[Beowulf] Re: cheap PCs this christmas

Jim Lux James.P.Lux at jpl.nasa.gov
Tue Nov 15 04:30:40 PST 2005

At 10:42 AM 12/1/2005, Tony Travis wrote:

>The problem with modern non-ECC COTS memory is that it doesn't even have 
>parity checking because that slows memory access down and reduces the 
>total memory capacity of a chip. I think there is some prospect of using 
>software to detect COTS memory errors. This is of interest to projects 
>involved in using large amounts of COTS memory instead of hard disks to 
>store data in space. I just wonder if anyone can come up with similar ways 
>of detecting COTS memory errors down here on the ground...
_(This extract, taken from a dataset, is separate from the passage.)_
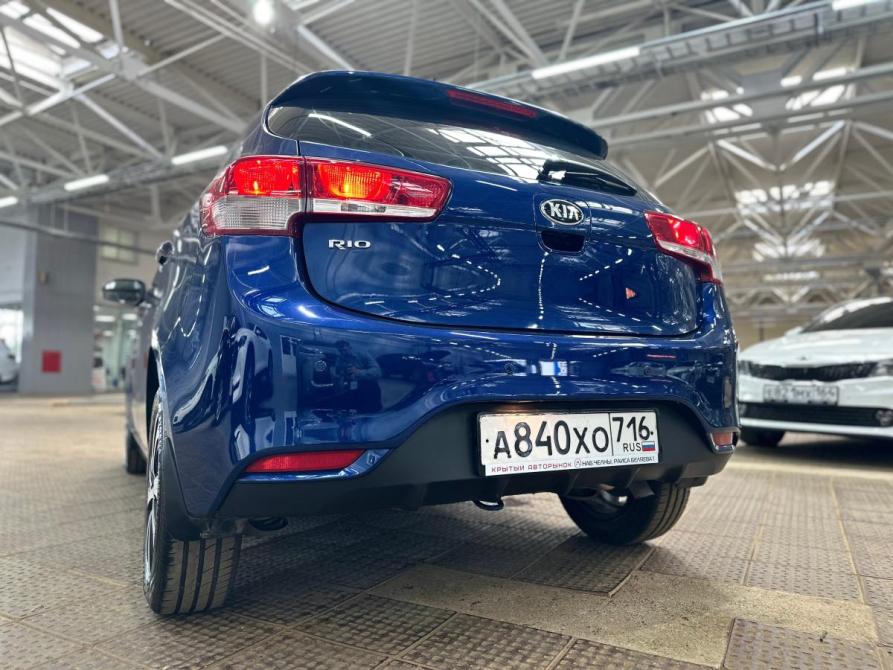 Kia Rio III Рестайлинг Набережные Челны  - изображение 9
Some algorithms inherently have a way to check something.  Consider doing 
FFTs.. One can simultaneously compute one bin by the discrete technique 
(for instance, one can average all the points to get the "DC" term), you 
can then compare this against the output of FFT.

There's a fair amount of literature on this.

>I think you are probably right that the simplest solution is to run jobs 
>twice to confirm the results, and this is one of the strategies proposed 
>for 'massively' parallel computing in 'space' too. However, if memory 
>errors corrupt the openMosix kernel then you get into BIG trouble!